Des essais vont être menés dès la semaine prochaine à l'école vétérinaire d'Alfort, en collaboration avec l'hôpital Bégin.

Les chiens sont-ils capables de détecter les malades du coronavirus? C'est le pari d'un médecin vétérinaire français qui va entamer des essais la semaine prochaine. "L'idée est entrée dans nos têtes il y a quelques semaines parce que des travaux réalisés il y a plusieurs années dans une université de l'Alabama, aux Etats-Unis, ont montré que l'on pouvait diagnostiquer des maladies virales chez les bovins à l'aide du nez du chien", raconte sur BFMTV ce vendredi le chef du service vétérinaire des pompiers de Paris.

"On s'est dit que si un virus était susceptible de laisser des traces olfactives sur un animal, il n'y avait pas de raison qu'il n'en laisse pas sur un humain", ajoute Dominique Grandjean.

Ces essais, qui seront menés à l'école vétérinaire d'Alfort, en collaboration avec l'hôpital Bégin de Saint-Mandé, auront donc pour objectif de confirmer ou non cette hypothèse.

Des prélèvements de sueurs soumis aux chiens

"Nous allons faire des prélèvements de sueur - le seul liquide biologique dont on sait qu'il n'extrait pas le virus et qui ne présente donc pas de risque pour les opérateurs - sous les aisselles de patients porteurs ou non du Covid-19", explique Dominique Grandjean.

Des chiens, déjà formés en matière de détection, vont renifler ces prélèvements et seront récompensés quand ils trouveront un prélèvement positif. "Puis nous allons observer s'ils remarquent d'autres échantillons, sans qu'on les oriente", poursuit le vétérinaire qui précise que "sur des chiens déjà formés, il faut une semaine pour intégrer une nouvelle odeur à leur bibliothèque de référence". 

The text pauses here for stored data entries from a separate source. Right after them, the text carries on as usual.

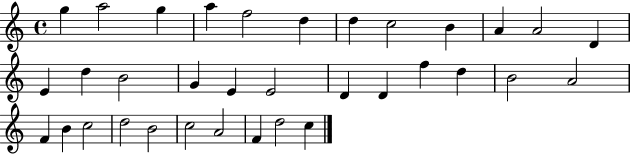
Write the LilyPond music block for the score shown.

{
  \clef treble
  \time 4/4
  \defaultTimeSignature
  \key c \major
  g''4 a''2 g''4 | a''4 f''2 d''4 | d''4 c''2 b'4 | a'4 a'2 d'4 | \break e'4 d''4 b'2 | g'4 e'4 e'2 | d'4 d'4 f''4 d''4 | b'2 a'2 | \break f'4 b'4 c''2 | d''2 b'2 | c''2 a'2 | f'4 d''2 c''4 | \break \bar "|."
}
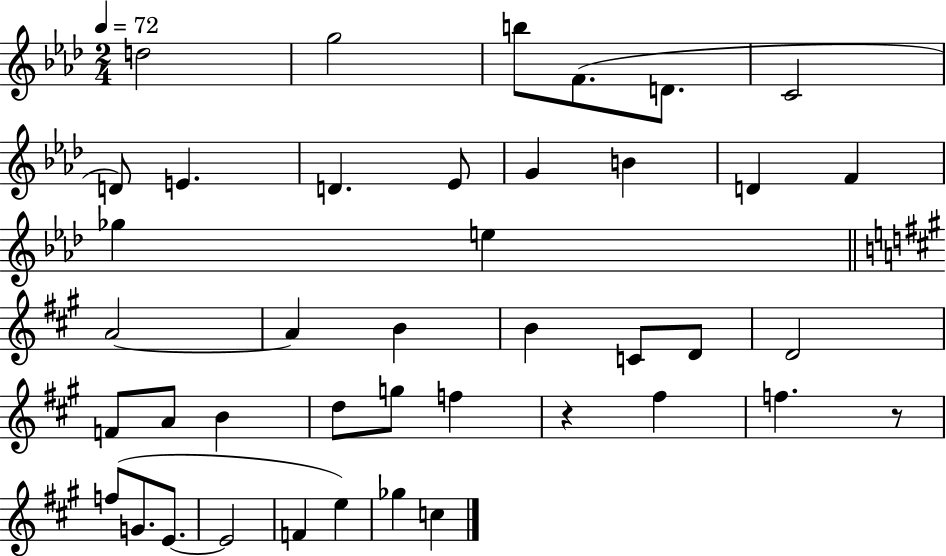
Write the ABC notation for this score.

X:1
T:Untitled
M:2/4
L:1/4
K:Ab
d2 g2 b/2 F/2 D/2 C2 D/2 E D _E/2 G B D F _g e A2 A B B C/2 D/2 D2 F/2 A/2 B d/2 g/2 f z ^f f z/2 f/2 G/2 E/2 E2 F e _g c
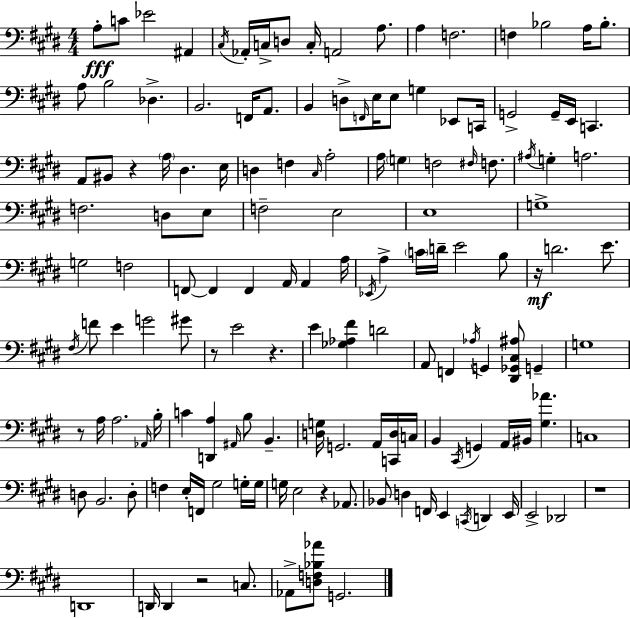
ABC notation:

X:1
T:Untitled
M:4/4
L:1/4
K:E
A,/2 C/2 _E2 ^A,, ^C,/4 _A,,/4 C,/4 D,/2 C,/4 A,,2 A,/2 A, F,2 F, _B,2 A,/4 _B,/2 A,/2 B,2 _D, B,,2 F,,/4 A,,/2 B,, D,/2 F,,/4 E,/4 E,/2 G, _E,,/2 C,,/4 G,,2 G,,/4 E,,/4 C,, A,,/2 ^B,,/2 z A,/4 ^D, E,/4 D, F, ^C,/4 A,2 A,/4 G, F,2 ^F,/4 F,/2 ^A,/4 G, A,2 F,2 D,/2 E,/2 F,2 E,2 E,4 G,4 G,2 F,2 F,,/2 F,, F,, A,,/4 A,, A,/4 _E,,/4 A, C/4 D/4 E2 B,/2 z/4 D2 E/2 ^F,/4 F/2 E G2 ^G/2 z/2 E2 z E [_G,_A,^F] D2 A,,/2 F,, _A,/4 G,, [^D,,_G,,^C,^A,]/2 G,, G,4 z/2 A,/4 A,2 _A,,/4 B,/4 C [D,,A,] ^A,,/4 B,/2 B,, [D,G,]/4 G,,2 A,,/4 [C,,D,]/4 C,/4 B,, ^C,,/4 G,, A,,/4 ^B,,/4 [^G,_A] C,4 D,/2 B,,2 D,/2 F, E,/4 F,,/4 ^G,2 G,/4 G,/4 G,/4 E,2 z _A,,/2 _B,,/2 D, F,,/4 E,, C,,/4 D,, E,,/4 E,,2 _D,,2 z4 D,,4 D,,/4 D,, z2 C,/2 _A,,/2 [D,F,_B,_A]/2 G,,2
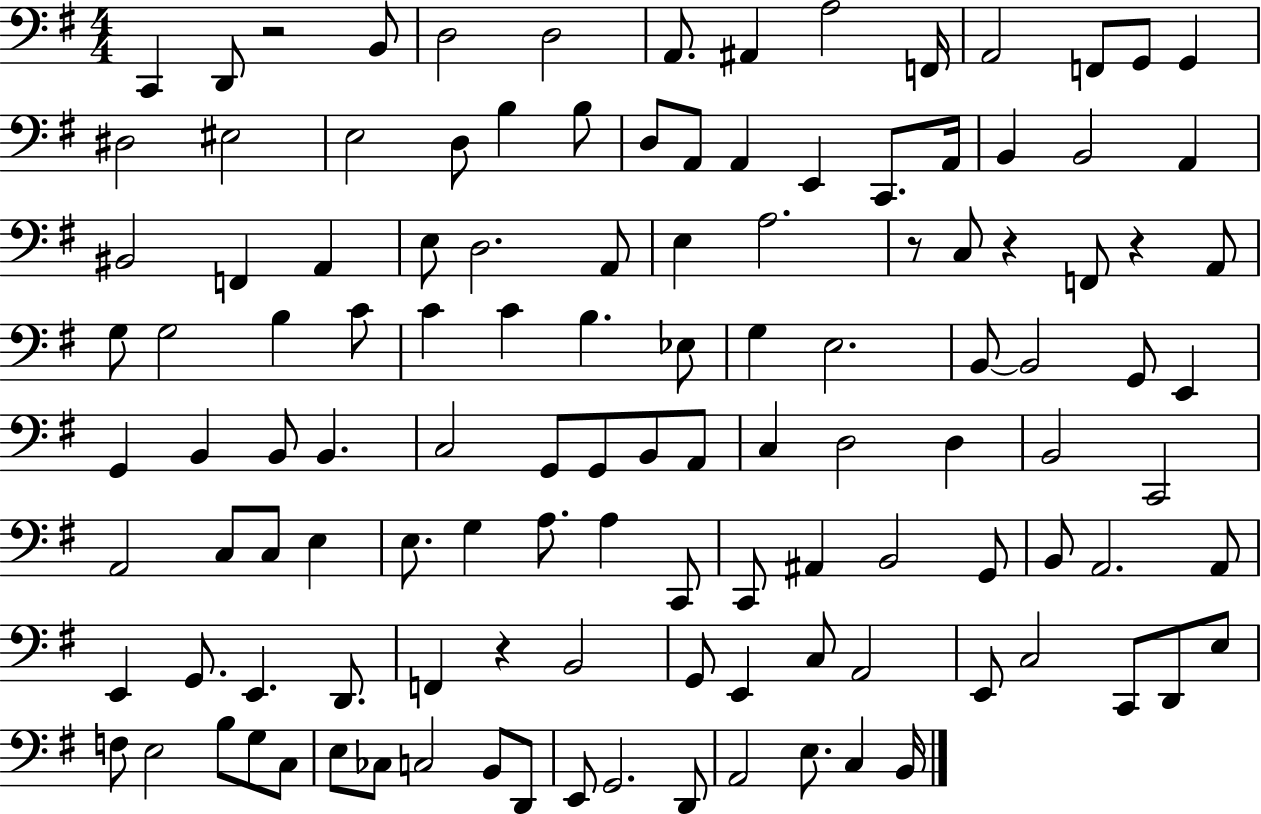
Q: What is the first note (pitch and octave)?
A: C2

Détecter les voyageurs contaminés

Au Royaume-Uni, une étude similaire est actuellement menée par l'association Medical Detection Dogs qui travaille sur ce sujet avec les chercheurs de la London School of Hygiene and Tropical Medicine (LSHTM) et l'université de Durham.

L'équipe s'est donné pour but de former les animaux en six semaines, afin de pouvoir fournir rapidement aux autorités sanitaires un "outil" de "diagnostic rapide et non invasif". Si le test est concluant, une fois dressés, les chiens pourraient être utilisés pour identifier des voyageurs contaminés par le virus à leur arrivée dans le pays ou être déployés dans d'autres espaces publics.